Heart Failure Treatment Strategies for Patients with Diabetes

OCTOBER 25, 2016
Jeannette Y. Wick, RPh, MBA, FASCP
The incidence of heart failure (HF) is increasing as the world’s population ages and the rates of other, often comorbid, diseases (eg, diabetes, heart disease, obesity) increase. HF patients are much more likely to have diabetes than the general population, and patients with diabetes are 2.5 times more likely to develop HF and have poorer clinical outcomes than patients without diabetes. Community-based studies even indicate that 30% to 40% of these patients will die within 1 year of diagnosis.

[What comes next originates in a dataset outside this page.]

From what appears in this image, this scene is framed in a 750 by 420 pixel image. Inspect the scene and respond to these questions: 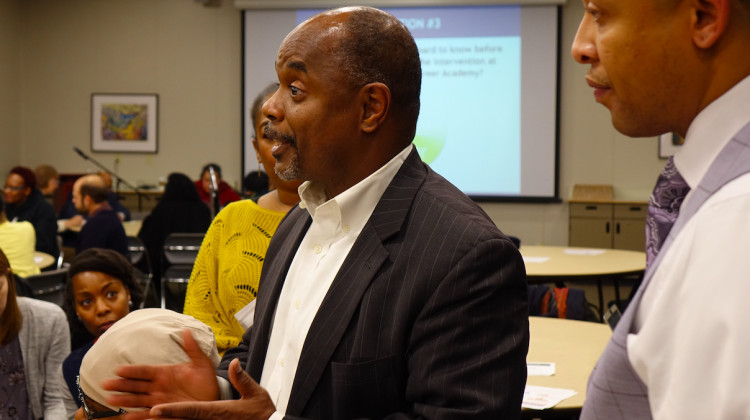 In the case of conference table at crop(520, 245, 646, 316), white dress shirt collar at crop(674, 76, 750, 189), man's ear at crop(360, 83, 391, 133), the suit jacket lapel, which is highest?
man's ear at crop(360, 83, 391, 133)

Now, an article published ahead-of-print in Current Diabetes Reports identifies an optimal glycated hemoglobin (A1C) level and recommends therapies for patients with comorbid diabetes and HF.

HF hospitalization and mortality follows a U-shaped curve from low to high A1C values. A summary of 3 trials found mortality is lowest for patients with A1C values between 7.5% and 8%.

Hyperglycemia contributes to chronic HF and worsens acute HF, and certain treatments affect HF’s development and progression. Less than 5% of patients with an A1C value of 7% develop HF, but 72% of patients with an A1C exceeding 10% develop HF.

Large trials investigating the effect of intensive glycemic control on HF outcomes were inconclusive due to low rates of HF in enrolled cohorts. The investigators designed the trials to measure death, non-fatal myocardial infarction, and nonfatal stroke. However, observational studies with sicker patients have found a strong relationship between hyperglycemia and HF-related hospitalizations and mortality.

The ASTRONAUT (aliskiren) and EVEREST (tolvaptan) trials found participants with diabetes had higher hospitalization and mortality shortly after discharge for HF. Both trials found patients with diabetes were approximately 20% more likely to have an adverse outcome than the cohort as a whole.

A retrospective analysis of patients with HF and diabetes treated in Veterans Affairs medical centers found metformin users were less likely to die of HF than nonmetformin users. A number of confounding variables exist, including the severity of the patients’ HF and comorbid conditions (especially renal failure). Providers should not avoid using metformin in patients with diabetes and HF unless they are at risk for acute decompensated HF or lactic acidosis.

This review discusses specific drugs:

· An observational study found insulin-dependent diabetics experience staggering HF-related mortality. Only 62.1% of insulin users survived a year after enrollment, but 85.8% of non–insulin-dependent   diabetics were still alive. The most significant influence is diabetes severity; insulin-dependent type 2 diabetics tend to have more serious diabetes and a greater risk of severe hyperglycemia without       insulin.

· The thiazolidinediones pioglitazone and rosiglitazone cause fluid retention and edema through their effect on the kidneys. These medications worsen HF and may increase the risk of HF development.

· The dipeptidyl peptidase-4 inhibitors may increase the risk of HF as a class, but sitagliptin may have no effect. Variable study designs prevent close and clear comparison, and the class may have no     impact in HF after all. Sitagliptin is the preferred class member in patients with comorbid HF at this time.

· The LEADER trial found liraglutide reduced cardiovascular mortality without any negative impact on HF. This may be specific to liraglutide or a class effect, and future study should clarify this                   relationship.

· The EMPA-REG CV outcome trial found empagliflozin decreases HF-related hospitalization and mortality in high-risk patients. The sodium/glucose cotransporter-2 inhibitors promote weight loss, lower   blood pressure, correct hyperglycemia, and create a ketogenic environment. Research is ongoing to determine if the entire class reduces HF outcomes.

 Up to half of HF patients have diabetes. Knowledge about the relationships between antihyperglycemic medications and HF is growing rapidly. Providers need new strategies and an increased                understanding of comorbid diabetes and HF.